Word Routes

Exploring the pathways of our lexicon

How Watson Trounced the Humans

The field of natural language processing doesn't usually get showcased in a widely watched game show, but that's exactly what happened on Jeopardy! over the last three evenings, as IBM's Watson supercomputer squared off against the two best humans ever to play the game. IBM had sunk tens of millions of dollars in research money to develop Watson over the past four years, and a loss would have been highly embarrassing. Luckily for IBM, and unluckily for the carbon-based life forms Ken Jennings and Brad Rutter, Watson came through with flying colors.

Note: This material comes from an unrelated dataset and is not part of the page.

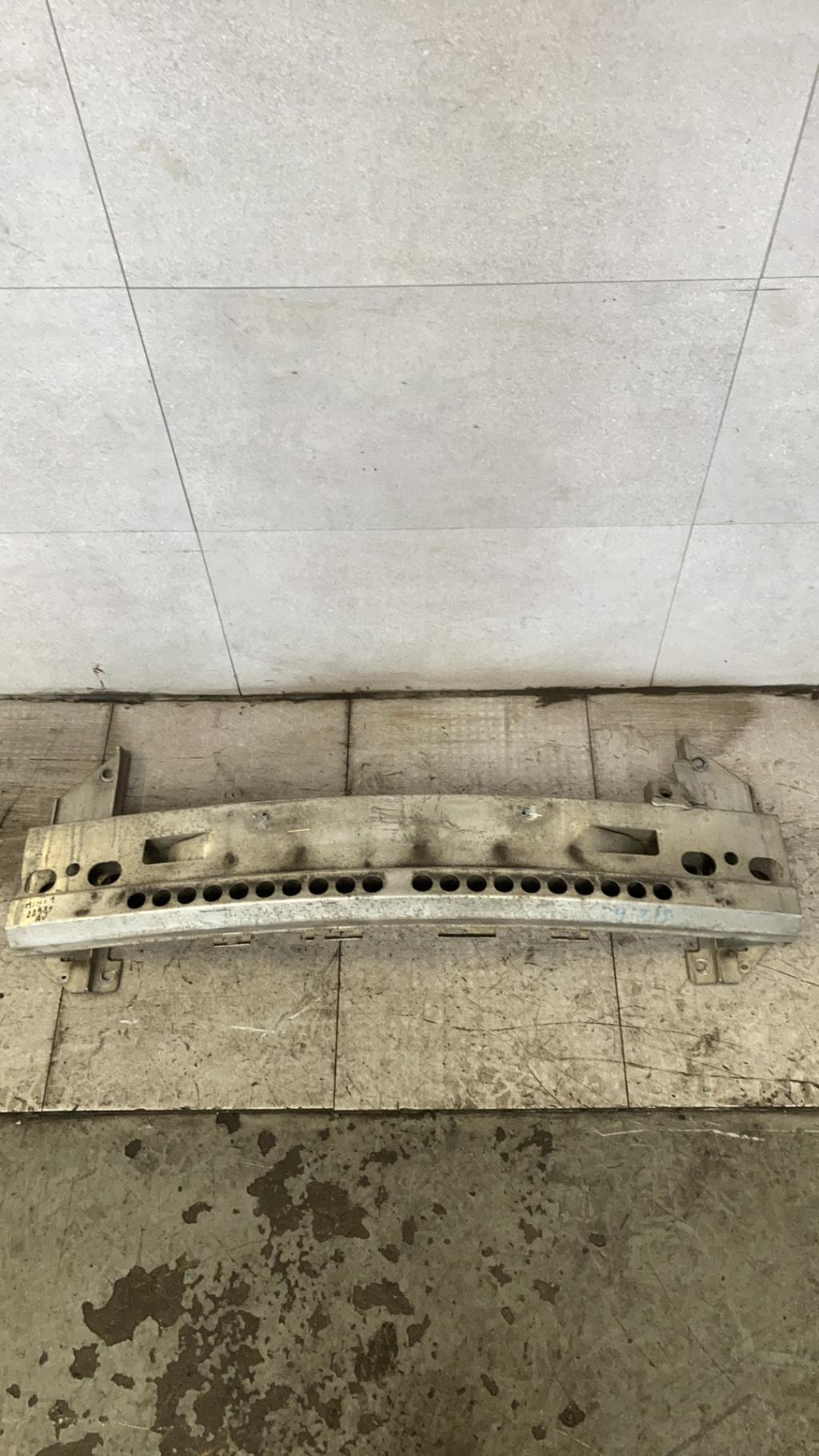 Traversa rinforzo paraurti anteriore MINI MINI 1 R50/R53 PHASE 1 Gasolina - 1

Prior to this week's televised tournament (which was actually taped about a month ago), Watson had trained in "sparring games" against former Jeopardy! contestants. One of them, Greg Lindsay, had done quite well against Watson. According to Stephen Baker in his new book, Final Jeopardy: Man vs. Machine and the Quest to Know Everything, Lindsay "saw that Watson mastered factoids but struggled with humor and irony... Clues based on allusions, not facts, left it vulnerable." Lindsay created a blueprint for Jennings and Rutter to defeat Watson by focusing on these blind spots. If the humans were to have a hope of beating Watson, it would be by capitalizing on clues that have some semantic ambiguity or indirection to them. Though Watson did get tripped up by language at times, it wasn't enough to offset his blazing speed on more straightforward clues.

The tournament consisted of two games played over three half-hour shows, with the winner determined by the cumulative winnings over both games. Watson was unable to see or hear, and was instead fed the clues as electronic texts. (His answers came through in a synthesized voice that one tech blogger said sounded like "HAL's diffident nephew" — HAL, of course, being the computer in Stanley Kubrick's 2001.)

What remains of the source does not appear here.